The finance directors of the UK’s four largest listed contractors are in discussions to agree a common way of presenting their private finance initiative revenue and profit to the City.

The move is the brainchild of Chris Girling, Carillion’s new finance director, who says the value of contractors’ PFI portfolios is not factored into their share prices.

Girling, who joined Carillion from engineering group Vosper Thornycroft and has worked in the car and aerospace industries, is talking to his counterparts at Balfour Beatty, Amec and Laing.

He said the aim of the initiative was to make it easier for analysts to understand the PFI. “The analysts have precious little time, so we need a common and transparent approach to help them,” he said. “We all have opinions on the subject of accounting for PFI and agreeing what information we give to the City should help that.”

Carillion expects to make about £10m a year over the next 25 years from the 14 PFI projects on its books.

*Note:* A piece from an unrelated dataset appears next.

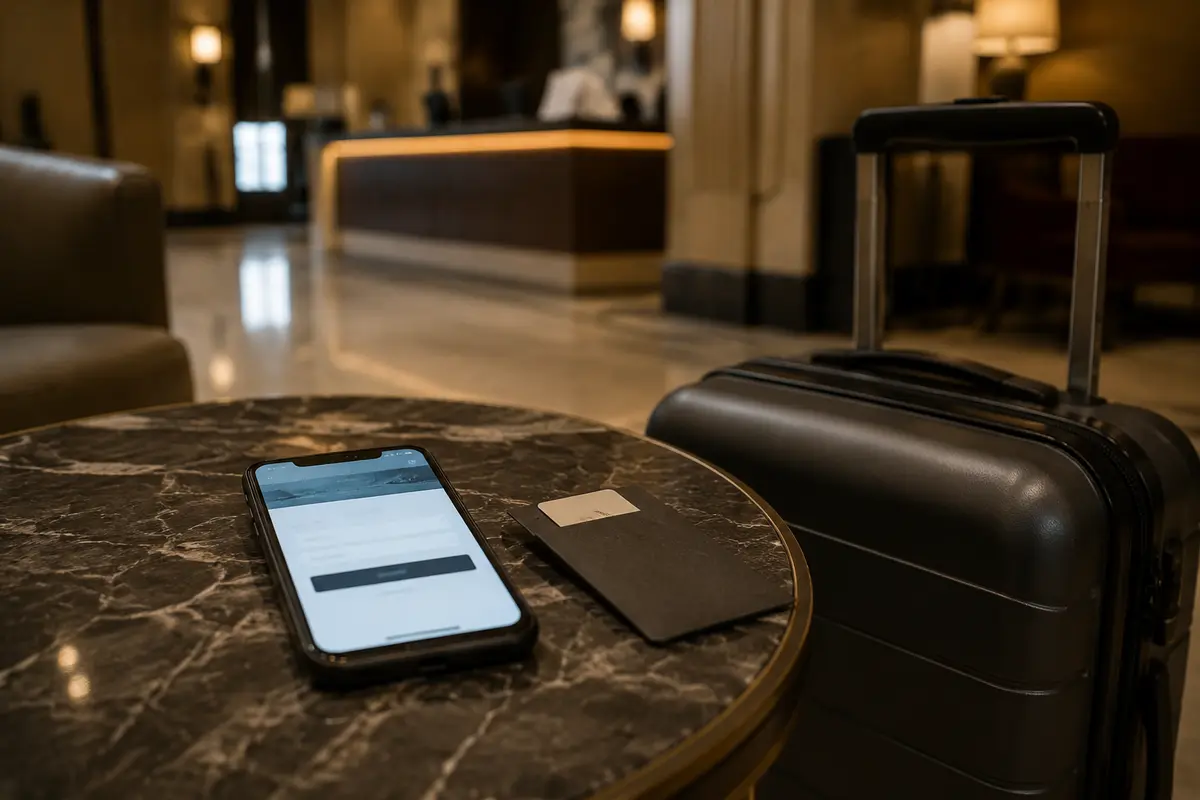 Téléphone sur une page de connexion Wi-Fi à l'arrivée dans un hôtel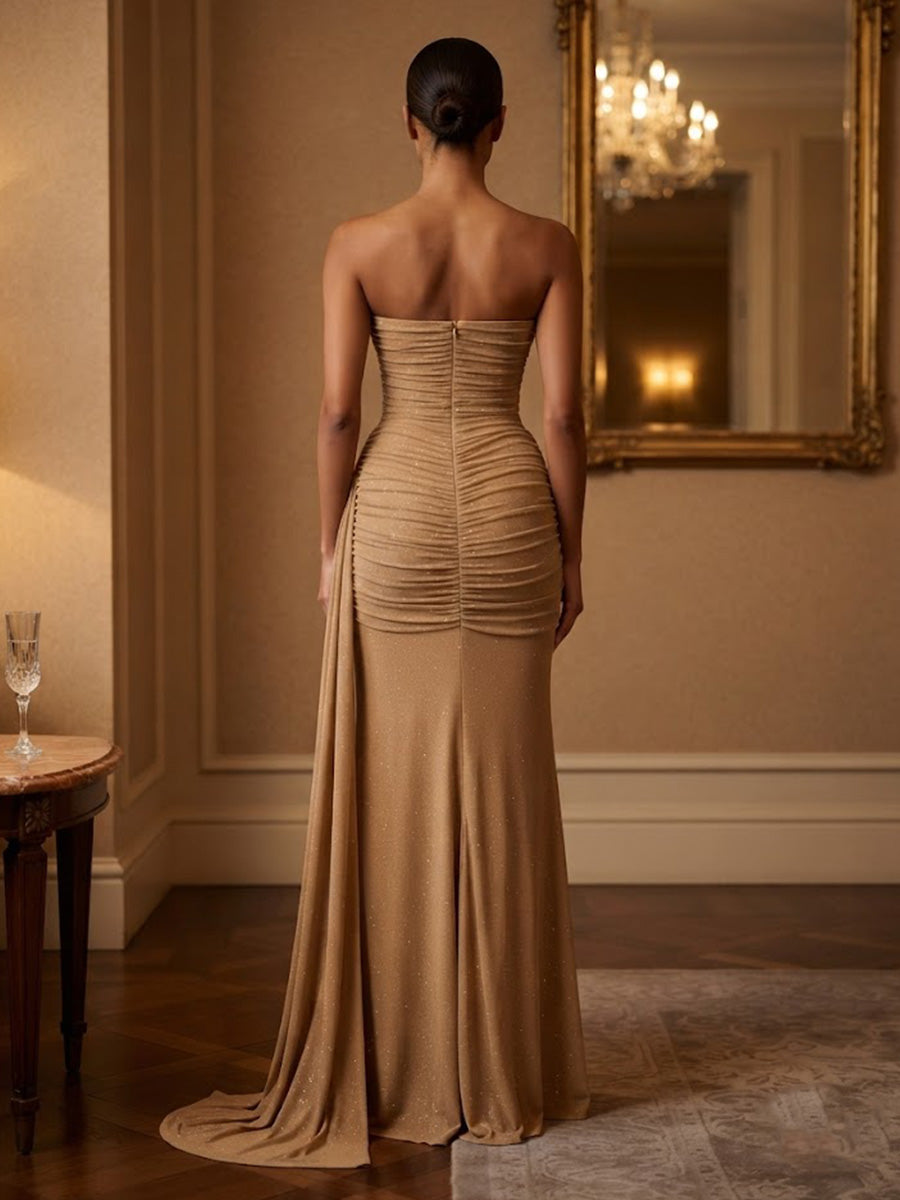Sequin Sheath/Column Strapless Floor-Length Prom Dresses with Ruched Waist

But, like other contractors, it feels the value is not reflected in its share price.

Carillion, Balfour and Laing have all started trying to help analysts value their PFI portfolios by using similar graphs. These show the three PFI profits streams – construction margin, facilities management profit over the concession and dividend on equity.

Many contractors also report revenue and profit from the PFI in different parts of their businesses. “It may be a forlorn hope, but if we all used the same segmental reporting it would help, too,” said Girling.

Girling met with Balfour’s Ian Tyler on Tuesday and is planning meetings with Adrian Ewer of Laing and Amec’s Stuart Siddall.

Ewer said: “I think a common approach is beginning to happen by default and I am beginning to detect a change in City sentiment. But I am 100% behind the idea of getting a common approach.”

Stephen Williams, analyst at Williams de Broë, said: “The City doesn’t really understand PFI in terms of profit and what it could be worth, so its value is either underrated or ignored. A common approach would lead to better share valuations.”